Write out the data that follows exactly, keeping every picture out.

# Dataset records
______________________________
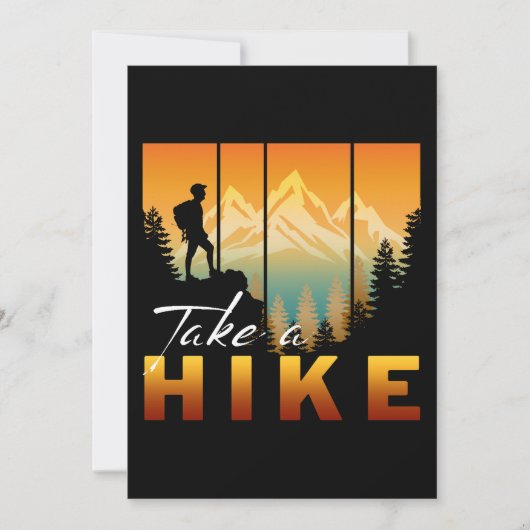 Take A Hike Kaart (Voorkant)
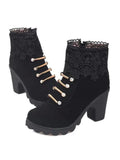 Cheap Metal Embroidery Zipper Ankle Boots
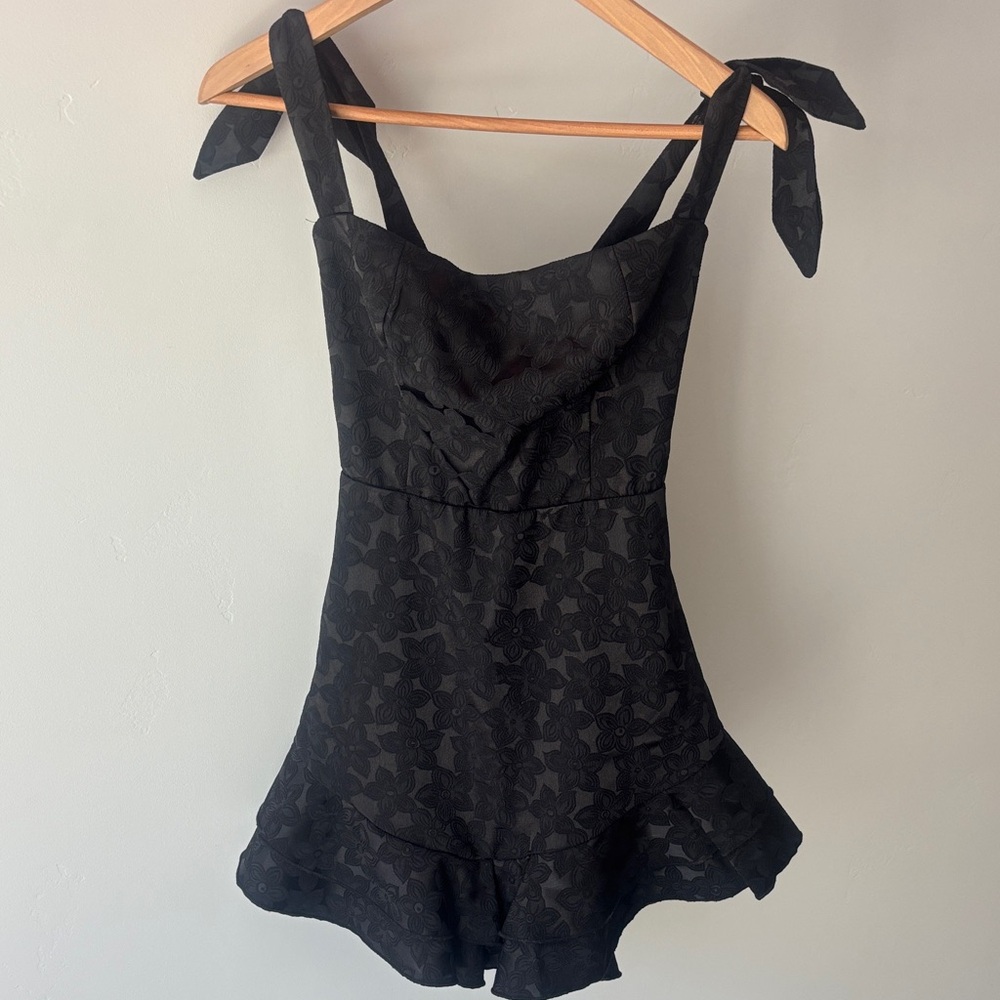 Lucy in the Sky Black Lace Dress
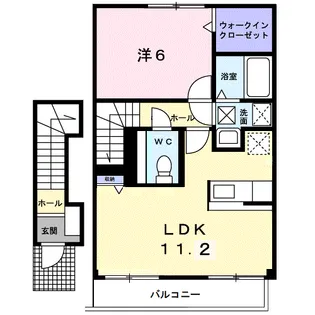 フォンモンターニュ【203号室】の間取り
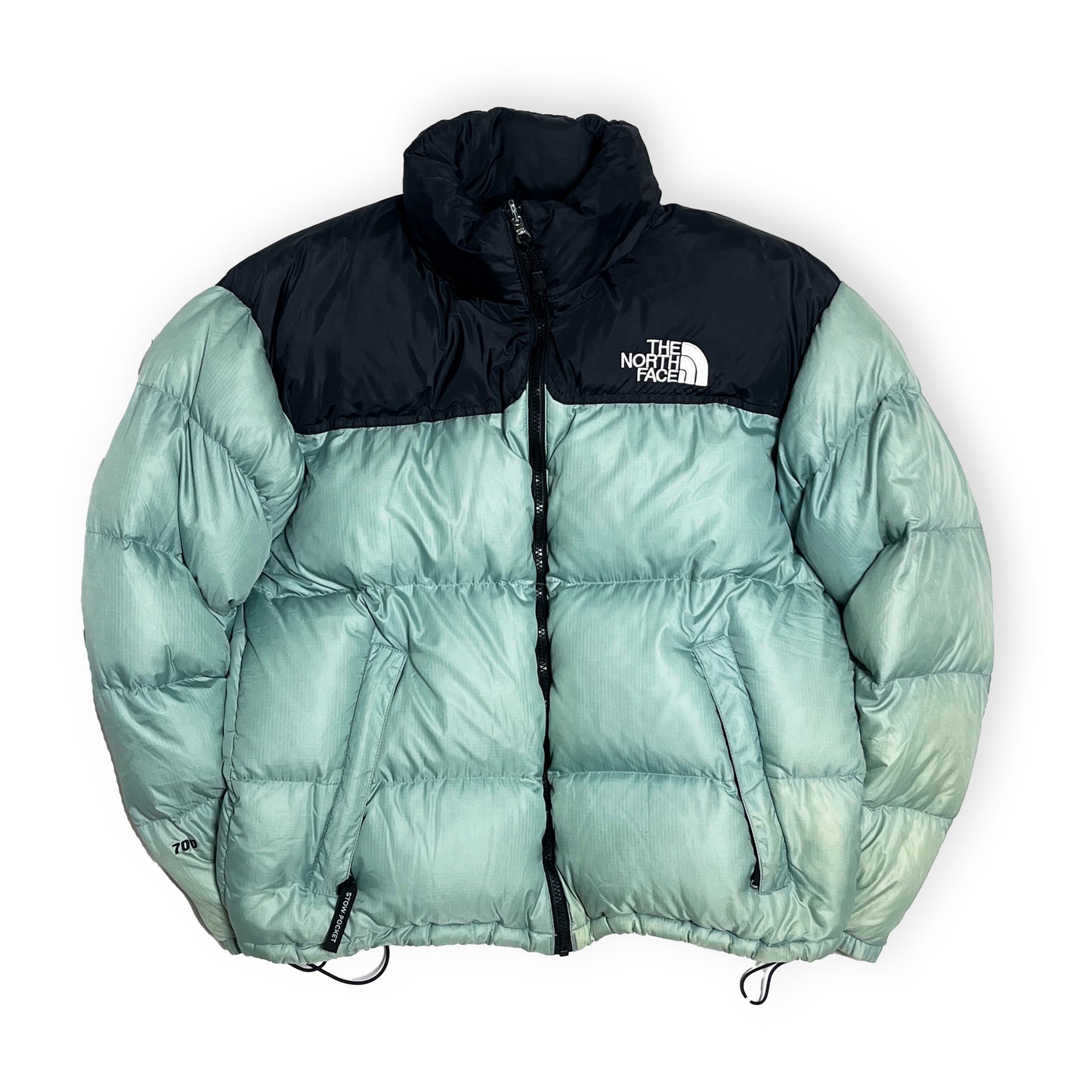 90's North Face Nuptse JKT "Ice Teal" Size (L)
______________________________
# ANSWER SPACE
 Take A Hike Kaart (Voorkant)
 Cheap Metal Embroidery Zipper Ankle Boots
 Lucy in the Sky Black Lace Dress
 フォンモンターニュ【203号室】の間取り
 90's North Face Nuptse JKT "Ice Teal" Size (L)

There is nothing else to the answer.